→ Records from a data collection
# # #

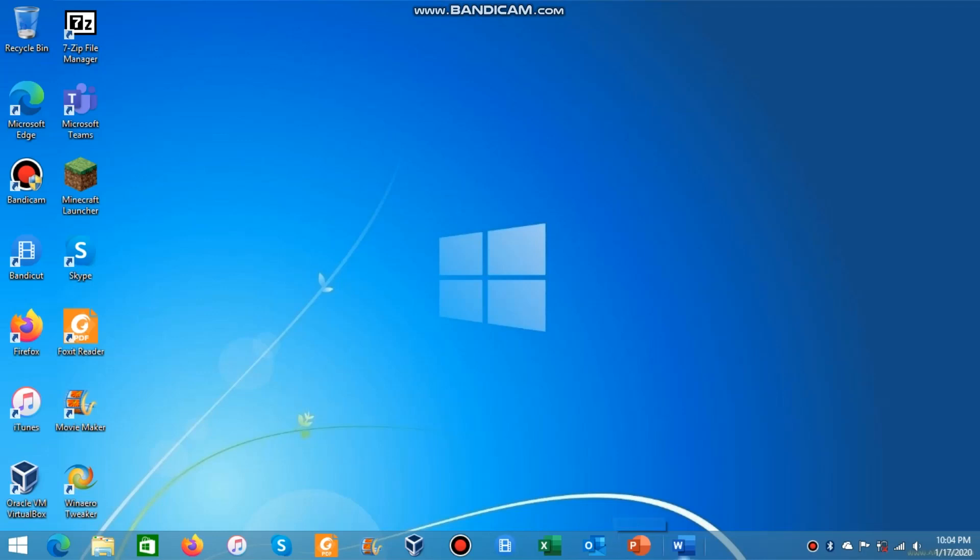Hey everyone, it's EverythingEbe here and in today's video I'm going to be teaching you how you can install Windows 95 in VirtualBox.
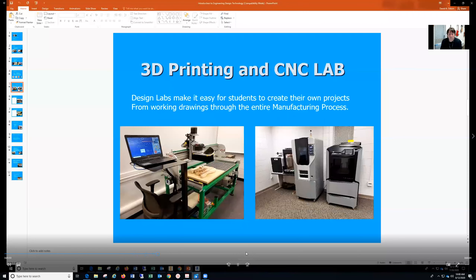We have a state-of-the-art 3D printing and CNC lab that students can use for projects. We can come in and actually print out or cut out the parts that we design in the software. That covers the whole process from idea to design to manufactured parts — it covers our entire manufacturing process.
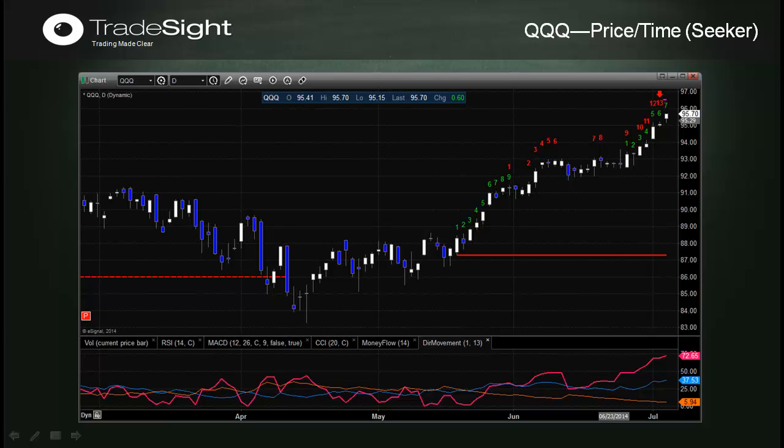The stop loss level — the magenta line on this chart — is going to be 96.52. That's the ultimate uncle level. I expect that this is going to turn to the downside before that level really gets tested too much.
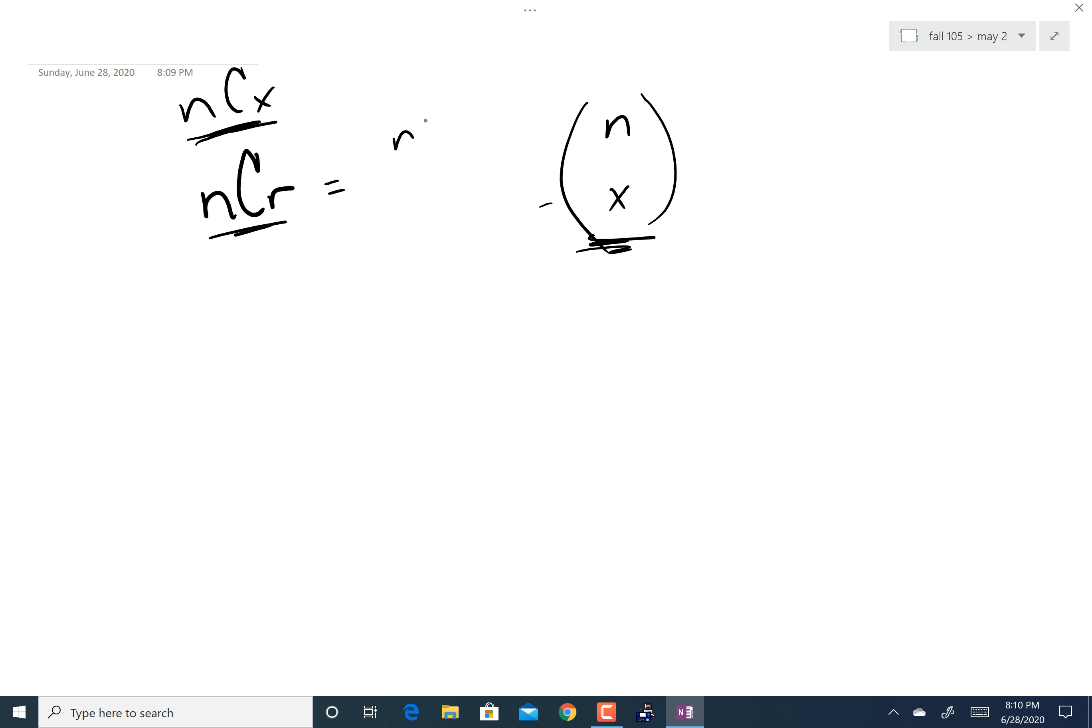The formula for this, which is in the video, is n factorial over n minus x factorial times x factorial, which is exactly the same as this.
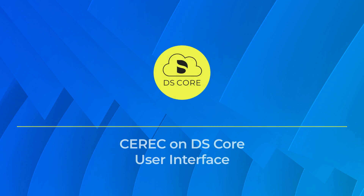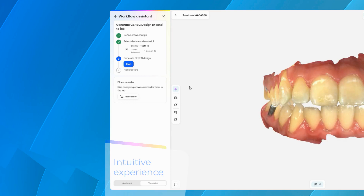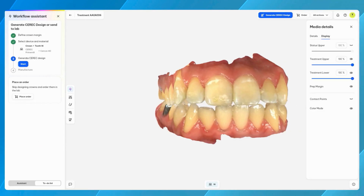The following tutorial describes the CEREC-ON-D's Core User Interface. On the left side of the screen is the new Workflow Assistant, clearly highlighting the planning steps from drawing margins all the way to Send Design for Manufacturing.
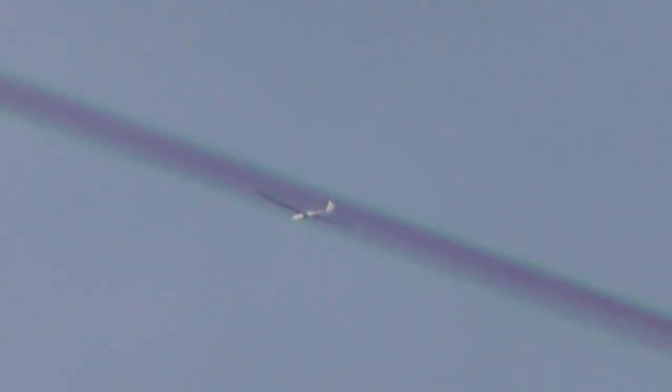52 times zoom on a glider, north of Cambridge heading kind of west. Let's get a bit more zoom quickly. That's 120 times zoom, just have to get a shot of it.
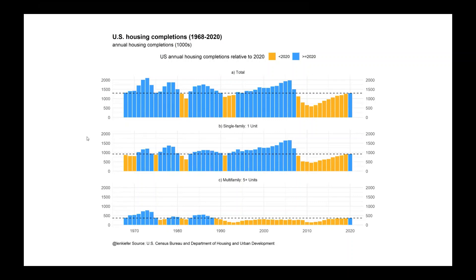One way to help show context is to use color. In this chart I'm looking at housing completions — how many housing units got added in the United States in total, single family and multi-family. I've added color: blue for years with at least as many completions as 2020, and yellow to indicate periods where completions fell below 2020 levels. Despite the increase in construction activity, there are only about five years prior to 2008 when the U.S. economy had fewer housing completions than in 2020.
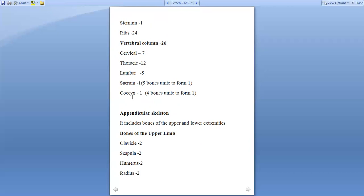5 individual sacral bones unite to form one single sacral vertebra. 4 coccygeal vertebrae unite to form one single coccyx. That's it with the axial skeleton, which makes a total count of 80 in number. Next comes the appendicular skeleton.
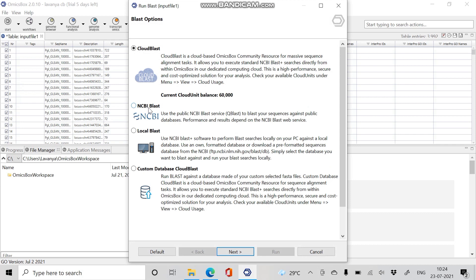NCBI BLAST is an open source which allows searching molecular sequence databases with BLAST algorithm. The main advantage is no database is required. Local BLAST allows searching against our own database. Custom database Cloud BLAST allows users to run BLAST against a database made of their own custom selected FASTA files. Here I am going to use database as NCBI BLAST and give Next.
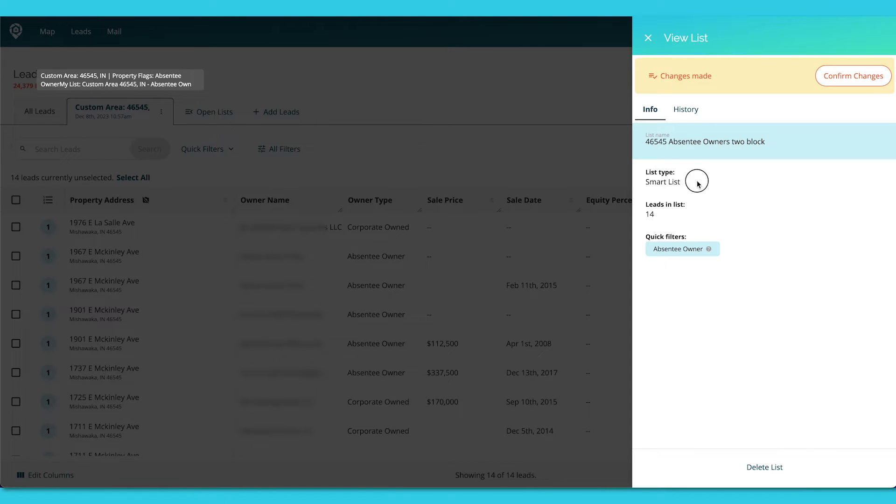Now you're also going to see that these are smart lists. So smart lists automatically update with the criteria that you have set. So say I did this with absentee owners.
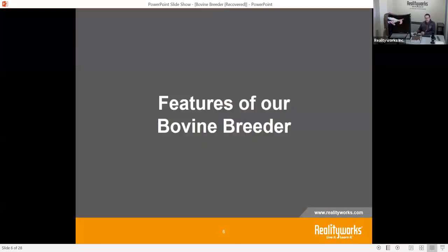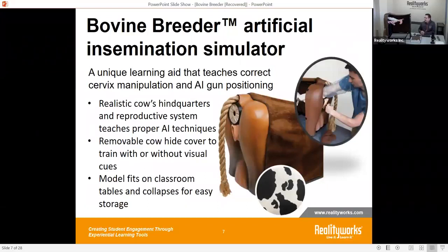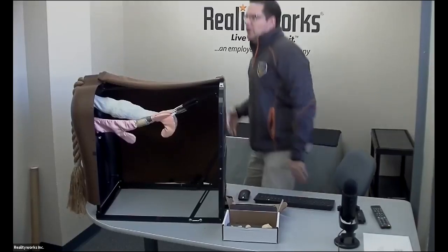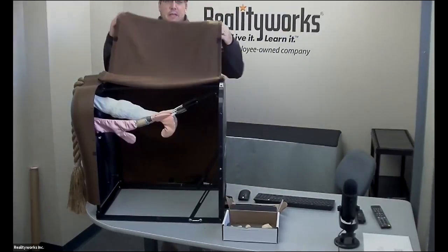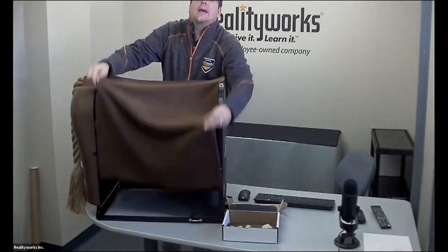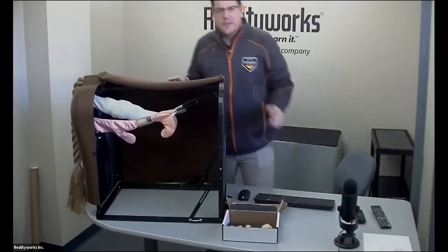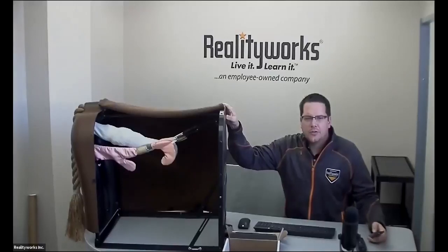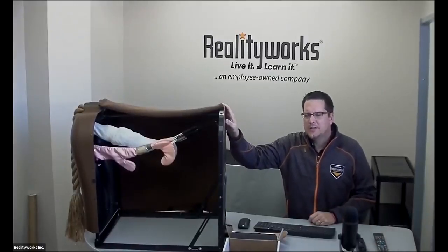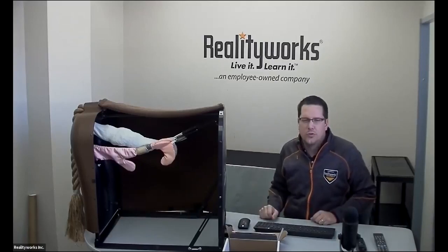We're going to talk about the features of the bovine breeder. We have a very unique and helpful tool here, and we're going to hear from a teacher who is using it. The bovine breeder is a realistic hindquarters and reproductive system of a cow, designed to show students an understanding of the product. It features a hindquarters with a removable hide so you can see inside the reproductive tract and the digestive system. It is collapsible, fits on a table or desk, and allows you to move it from classroom to classroom.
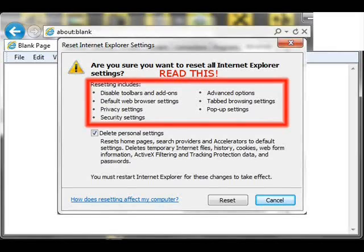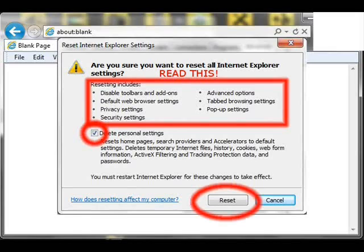I clicked the Delete Personal Settings box. You may want to skip this and see if it works, but you might have to try it again with the box clicked. Then simply click the Reset button.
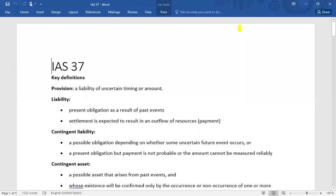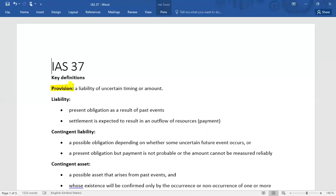IAS 37 deals with provisions, contingent liabilities, and contingent assets. Students are often confused about the difference between a provision and an allowance. To clarify: an allowance is created against assets — so technically it is an allowance for doubtful debts, allowance for depreciation, or allowance for inventory losses. Provision, technically, is a liability and cannot be created against an asset.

# # #

All lines from the start of the entries through the one with "The formula for" are to be output exactly; omit the pictures.

Hey everyone, it's EverythingEbe here and in today's video I'm going to be teaching you how you can install Windows 95 in VirtualBox.
We have a state-of-the-art 3D printing and CNC lab that students can use for projects. We can come in and actually print out or cut out the parts that we design in the software. That covers the whole process from idea to design to manufactured parts — it covers our entire manufacturing process.
The stop loss level — the magenta line on this chart — is going to be 96.52. That's the ultimate uncle level. I expect that this is going to turn to the downside before that level really gets tested too much.
The formula for this, which is in the video, is n factorial over n minus x factorial times x factorial, which is exactly the same as this.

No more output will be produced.